Hanane Farhi: «Les feedbacks sont la vraie concrétisation de notre travail»
Élément clé de l'évolution de cet environnement utilisateurs, le Helpdesk s’appuie sur deux équipes. Une équipe de premier niveau, composée de six personnes, qui répond aux appels des collaborateurs et des collaboratrices de la Banque. Ces personnes résolvent directement jusqu’à 85% des incidents et des demandes. Pour les cas plus complexes, nous pouvons compter sur l’équipe de second niveau qui est, elle, composée de trois personnes. À la tête de ce service depuis 2020, Hanane Farhi nous explique ce qui se passe lorsque nous composons le 212 69 96.
Quel est le rôle premier du Helpdesk?
Lorsque les collaborateurs et les collaboratrices appellent le Helpdesk, c’est souvent pour nous faire part d’un problème et il arrive que le stress créé par cette situation se ressente dans le ton de leur voix. Nous nous efforçons de faire preuve d’écoute et d’empathie pour désamorcer les problèmes et les régler le plus rapidement possible.
Comment pilotez-vous les activités de votre équipe?
Des tableaux de bord nous permettent de piloter quotidiennement nos activités. Cela permet aussi de détecter les situations durant lesquelles nous devons mettre en place certaines actions, par exemple, en travaillant avec d’autres départements IT pour trouver des solutions de contournement et maintenir les opérations en cas d’incidents plus compliqués. Nous utilisons aussi un rapport mensuel et, finalement, les évaluations Smiley une fois par an. Les résultats nous montrent que nous répondons aux besoins de notre clientèle interne, et cela nous motive pour nous surpasser en continuant de nous former afin de nous adapter continuellement à l’environnement. Les métriques dont nous disposons nous aident à piloter notre travail, mais ce qui nous anime, ce sont les commentaires positifs reçus des personnes que nous avons aidées. Ces feedbacks sont la vraie concrétisation de notre travail.
Comment êtes-vous arrivée à la BCV et quels sont vos liens avec cette banque?

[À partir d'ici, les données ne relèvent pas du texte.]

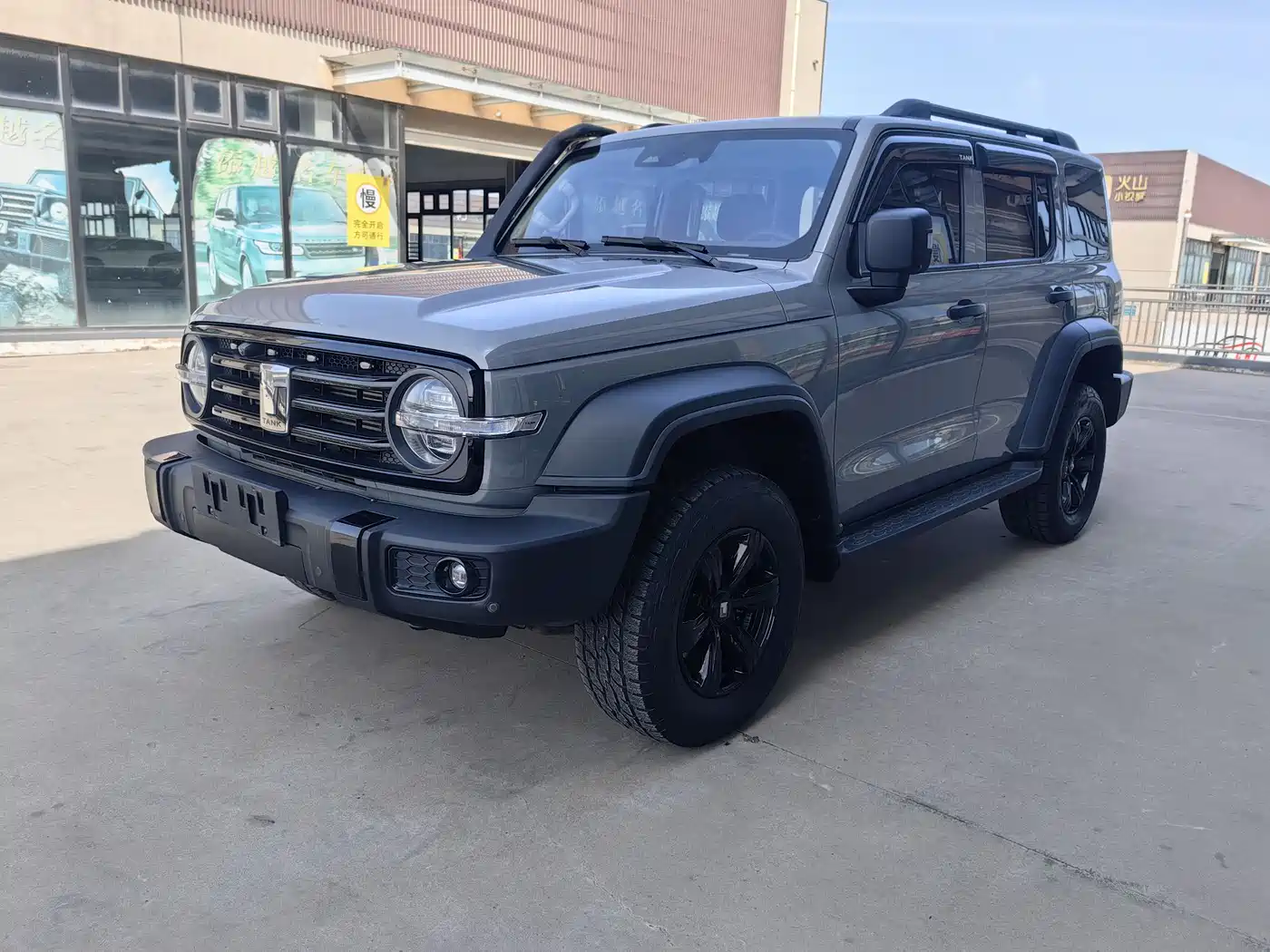 Tank 300 2021 Off-road Version 2.0T Conqueror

En 2012, à mon arrivée d’Alsace, l’agence bancaire la plus proche de chez moi était la BCV, c’est donc tout naturellement que j’y ai ouvert un compte. Je travaillais dans un call center pour Swisscom, puis chez IBM pour la BCV, et c’est ainsi que je suis arrivée au CAB et à la Banque. Je m’y sens bien. J’en suis fière, car la Banque a une bonne renommée pour sa stabilité et sa présence importante dans le canton. Ce lien est encore plus fort maintenant que mon frère a rejoint la BCV!